**WHAT YOU WILL DO:** Once the images are removed, repeat all of the entries exactly.
╭─ GIVEN RECORDS
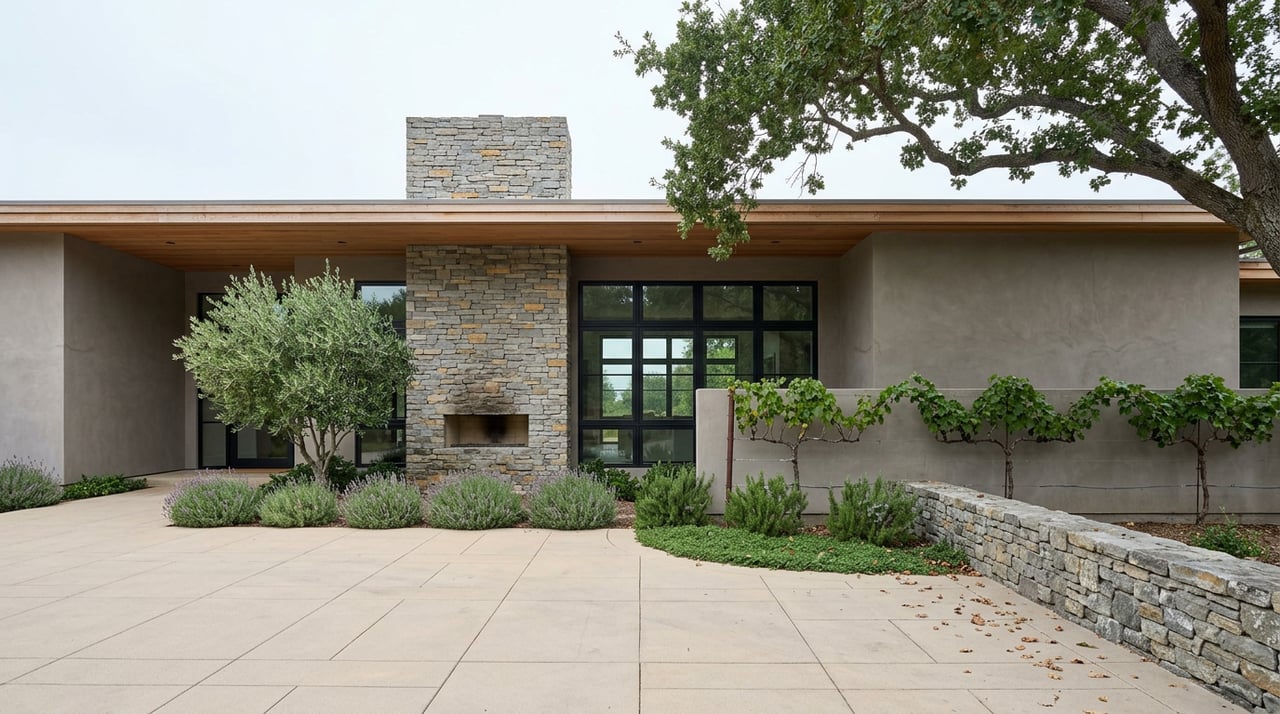 Custom estate with a stone chimney, black-framed windows, and grapevines trained along a low garden wall.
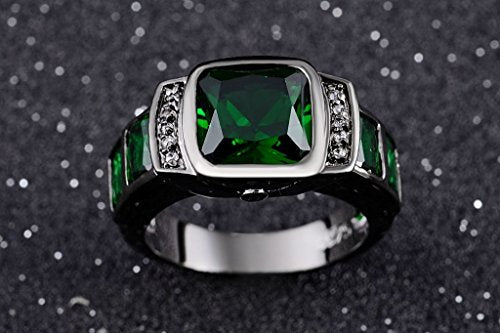 Load image into Gallery viewer, Aunyamanee Jewelry Shop Emerald Cut Size 8,9,10,11 Man's Black 18K Gold Filled AAA Emerald Wedding Rings (10)
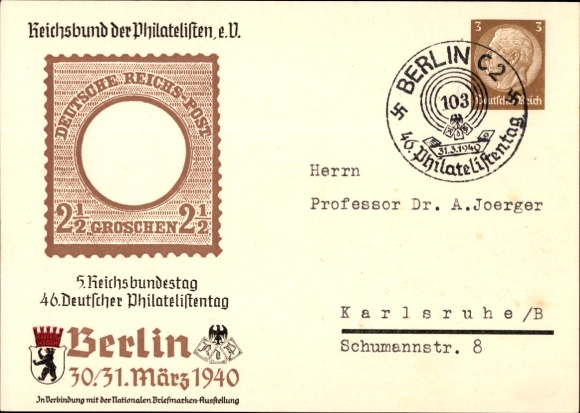 Postkaart Berlijn, Reichsbund der Philatelisten, 46e Duitse Filatelistendag, 30-31 maart 1940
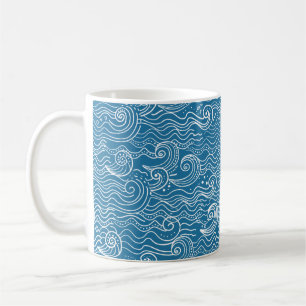 Mug Vagues océaniques bleues et blanches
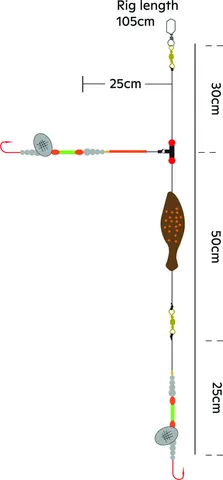 Kinetic Sabiki Flatdab Lightstick Ready-made Rig 60g 110cm #2 Copper/Orange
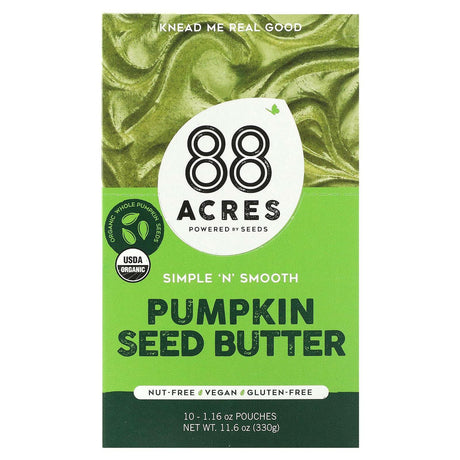 88 Acres, Simple 'N' Smooth, Pumpkin Seed Butter, 10 Pouches, 1.16 oz (33 g) Each - Supply Center USA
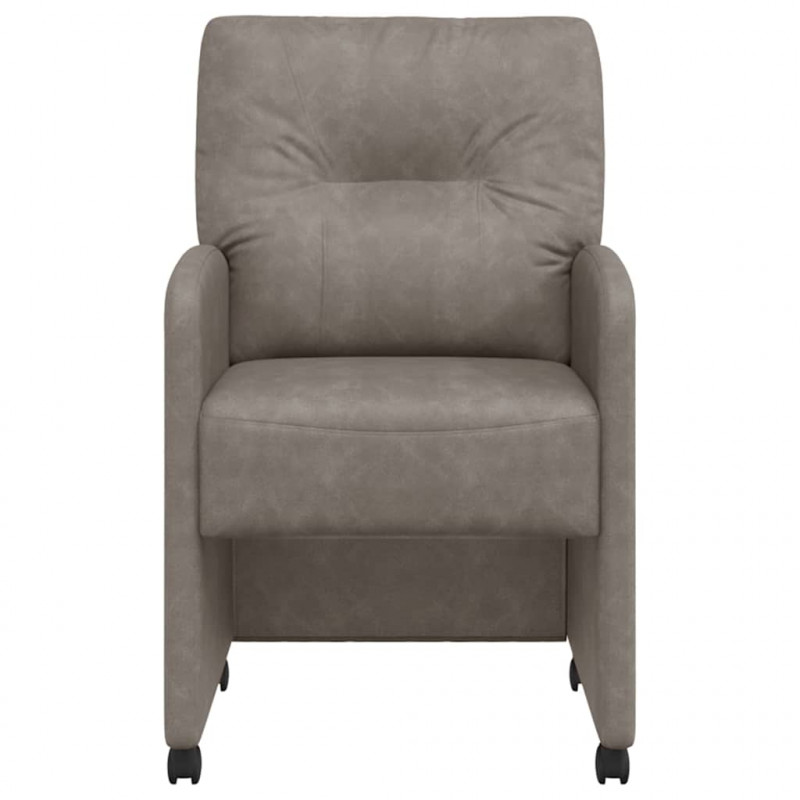 Krzesełka jadalne na kółkach 2 pcs Szary 57 x 67 x 95 cm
╰─
**OUTPUT:**
 Custom estate with a stone chimney, black-framed windows, and grapevines trained along a low garden wall.
 Load image into Gallery viewer, Aunyamanee Jewelry Shop Emerald Cut Size 8,9,10,11 Man's Black 18K Gold Filled AAA Emerald Wedding Rings (10)
 Postkaart Berlijn, Reichsbund der Philatelisten, 46e Duitse Filatelistendag, 30-31 maart 1940
 Mug Vagues océaniques bleues et blanches
 Kinetic Sabiki Flatdab Lightstick Ready-made Rig 60g 110cm #2 Copper/Orange
 88 Acres, Simple 'N' Smooth, Pumpkin Seed Butter, 10 Pouches, 1.16 oz (33 g) Each - Supply Center USA
 Krzesełka jadalne na kółkach 2 pcs Szary 57 x 67 x 95 cm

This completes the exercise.